Ehrlicherweise muss man anmerken, dass kein ernst zu nehmender Jurist diese Äußerungen damals für bare Münze nahm, sondern vielmehr als politisches Wortgeplänkel abtat.

Angesichts der aktuellen Entwicklungen scheint aber eine Neubewertung dieser Einschätzung dringend erforderlich.

D. Ausblick: Und was ist nun davon zu halten?

Und was ist nun von diesen aktuellen Entwicklungen zu halten?

Die Antwort fällt kurz und knapp aus: Nichts. Rein gar nichts.

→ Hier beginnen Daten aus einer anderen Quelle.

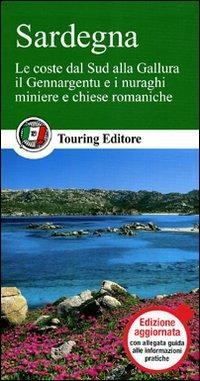 Sardegna  - Libro Touring 2011, Guide verdi d'Italia | Libraccio.it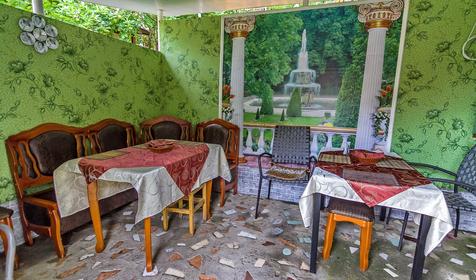 Гостевой дом Виктория-отдых, пос. Ольгинка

Die ganz überwiegende Meinung in der Rechtswissenschaft teilt die Einschätzung des Bundeswirtschaftsministeriums und der Europäischen Kommission nicht. Denn anders, als die EU-Privacy-Richtlinie dies verlange, existiere gerade eben kein Opt-in-Zwang, so die Einschätzung.

Ein deutsches Gericht, das z. B. einen Rechtsstreit zwischen zwei Wettbewerbern zu beurteilen hat, ist in keiner Weise an die Einschätzungen der Bundesregierung oder der Europäischen Kommission gebunden, sondern muss vielmehr die Rechtslage rein nach dem Wortlaut des Gesetzes beurteilen. Es ist also nicht sehr unwahrscheinlich, dass nationale Robenträger feststellen, dass die Privacy-Richtlinie eben nicht umgesetzt wurde.

Für das im Online-Marketing tätige Unternehmen bringen diese aktuellen Entwicklungen somit zwar keine endgültige Rechtssicherheit. Jedoch lassen die Ereignisse der letzten Zeit eines immer wahrscheinlicher werden: Dass nämlich gesetzgeberisch sich in Deutschland in puncto EU-Cookie-Richtlinie rein gar nichts ändern wird.

Unsere Einschätzung ist daher wie bislang auch: Viel Lärm um nichts. Ein neues, sinnloses Gesetz, an das sich keiner halten wird. Oder anders formuliert: Der Untergang des Cookie-Abendlandes ist in Deutschland auf unbestimmte Zeit verschoben.